Apparue au XIIe siècle au sein de la chevalerie, [l'héraldique médiévale] s'est rapidement diffusée dans l'ensemble de la société occidentale : nobles, clercs, bourgeois, corporations de métiers et également paysans. L'héraldique médiévale se caractérise par des blasonnements simples et facilement visibles (Fig. 1). L'héraldique moderne se complexifie à partir de 1450 (Fig. 2).
Source : Wikipédia
Commençons par déchiffrer le langage technique de votre citation.

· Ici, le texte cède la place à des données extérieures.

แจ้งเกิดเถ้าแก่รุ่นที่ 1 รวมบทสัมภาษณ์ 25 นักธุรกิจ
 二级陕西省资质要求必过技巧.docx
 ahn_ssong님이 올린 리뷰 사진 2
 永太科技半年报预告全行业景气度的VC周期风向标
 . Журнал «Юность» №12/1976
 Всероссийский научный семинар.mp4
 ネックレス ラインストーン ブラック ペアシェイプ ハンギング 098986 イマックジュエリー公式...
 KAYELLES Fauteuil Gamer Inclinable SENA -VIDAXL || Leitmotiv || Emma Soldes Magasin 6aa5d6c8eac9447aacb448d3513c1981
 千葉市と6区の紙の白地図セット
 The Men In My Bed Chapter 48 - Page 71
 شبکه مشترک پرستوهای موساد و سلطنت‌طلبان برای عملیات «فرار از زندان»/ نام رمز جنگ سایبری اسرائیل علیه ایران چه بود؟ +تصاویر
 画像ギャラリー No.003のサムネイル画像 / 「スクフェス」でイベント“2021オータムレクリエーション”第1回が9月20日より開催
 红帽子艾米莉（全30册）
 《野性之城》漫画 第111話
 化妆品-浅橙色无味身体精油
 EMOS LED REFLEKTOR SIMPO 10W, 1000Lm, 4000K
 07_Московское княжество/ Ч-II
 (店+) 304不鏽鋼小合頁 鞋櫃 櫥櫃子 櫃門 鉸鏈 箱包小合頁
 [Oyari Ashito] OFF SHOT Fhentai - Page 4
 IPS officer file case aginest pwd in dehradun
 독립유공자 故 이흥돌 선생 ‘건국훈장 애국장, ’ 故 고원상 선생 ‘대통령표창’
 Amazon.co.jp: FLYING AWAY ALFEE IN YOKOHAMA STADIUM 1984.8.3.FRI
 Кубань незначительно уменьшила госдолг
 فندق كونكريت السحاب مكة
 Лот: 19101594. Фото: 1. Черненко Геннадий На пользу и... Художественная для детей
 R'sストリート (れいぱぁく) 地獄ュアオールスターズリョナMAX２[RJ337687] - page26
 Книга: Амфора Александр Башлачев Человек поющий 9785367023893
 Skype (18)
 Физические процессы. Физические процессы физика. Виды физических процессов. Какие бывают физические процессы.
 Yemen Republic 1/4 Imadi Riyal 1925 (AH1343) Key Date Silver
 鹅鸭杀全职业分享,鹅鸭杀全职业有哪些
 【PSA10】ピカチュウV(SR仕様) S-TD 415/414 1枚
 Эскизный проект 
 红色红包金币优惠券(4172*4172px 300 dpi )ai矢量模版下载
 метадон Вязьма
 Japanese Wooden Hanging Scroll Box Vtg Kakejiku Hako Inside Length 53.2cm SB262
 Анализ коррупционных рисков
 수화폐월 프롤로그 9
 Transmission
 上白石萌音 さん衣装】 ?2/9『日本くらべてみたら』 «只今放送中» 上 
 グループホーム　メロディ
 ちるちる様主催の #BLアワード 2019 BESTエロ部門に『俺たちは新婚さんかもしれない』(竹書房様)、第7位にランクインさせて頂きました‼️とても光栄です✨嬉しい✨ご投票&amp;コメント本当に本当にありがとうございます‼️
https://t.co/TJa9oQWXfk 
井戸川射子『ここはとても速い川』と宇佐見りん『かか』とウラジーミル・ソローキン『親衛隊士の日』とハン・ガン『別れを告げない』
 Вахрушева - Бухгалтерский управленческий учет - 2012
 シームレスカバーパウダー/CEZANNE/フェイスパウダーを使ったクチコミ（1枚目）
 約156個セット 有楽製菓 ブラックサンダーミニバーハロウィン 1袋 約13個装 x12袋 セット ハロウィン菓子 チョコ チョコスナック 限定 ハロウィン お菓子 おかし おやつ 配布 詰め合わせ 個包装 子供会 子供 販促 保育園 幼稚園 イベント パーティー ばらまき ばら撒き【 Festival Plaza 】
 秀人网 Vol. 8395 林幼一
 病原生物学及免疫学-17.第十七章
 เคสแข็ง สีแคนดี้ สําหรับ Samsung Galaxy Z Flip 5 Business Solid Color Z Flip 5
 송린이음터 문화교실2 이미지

Le blasonnement appliqué à votre description pourrait être le suivant : un fond blanc/argent, sur lequel sont posés trois losanges rouges ou hachurés (trois losanges de gueules) disposés deux en haut et un en bas (rangés 2 et 1).
Le Dictionnaire de la Langue Française précise les deux sens possibles de "losange" dans le domaine de l'héraldique. Nous retiendrons ici le premier.
(Héraldique) Meuble [petites pièces ornementales d'un blason] en forme de diamant ou de carreau posé sur une pointe, utilisé dans les armoiries. Si sa largeur est réduite, il est désigné sous le terme de fusée. Lorsque la surface est pavée de ces figures, elle est qualifiée de losangée.
(Héraldique) Désigne abusivement la forme d’un écu souvent appelée 'écu des demoiselles'. Toutefois, la forme spécifique de l’écu n'est pas un élément blasonné et reste un choix stylistique non obligatoire; le blasonnement demeure inchangé quelle que soit cette forme.
Nyrop Kr. Gueules, dans histoire d'un mot. In: Romania, tome 48 n°192, 1922. pp. 559-570, nous dit que "le mot Gueules est un terme de blason bien connu, indiquant la couleur rouge ; à défaut de couleur le gueules était figuré par des hachures verticales". On retrouve cette définition dans Wikipédia :
Le gueules est un émail héraldique de couleur rouge. En représentation monochrome, il est symbolisé par des hachures verticales, selon la méthode attribuée au jésuite héraldiste Silvester Petra Sancta, publiée en 1638.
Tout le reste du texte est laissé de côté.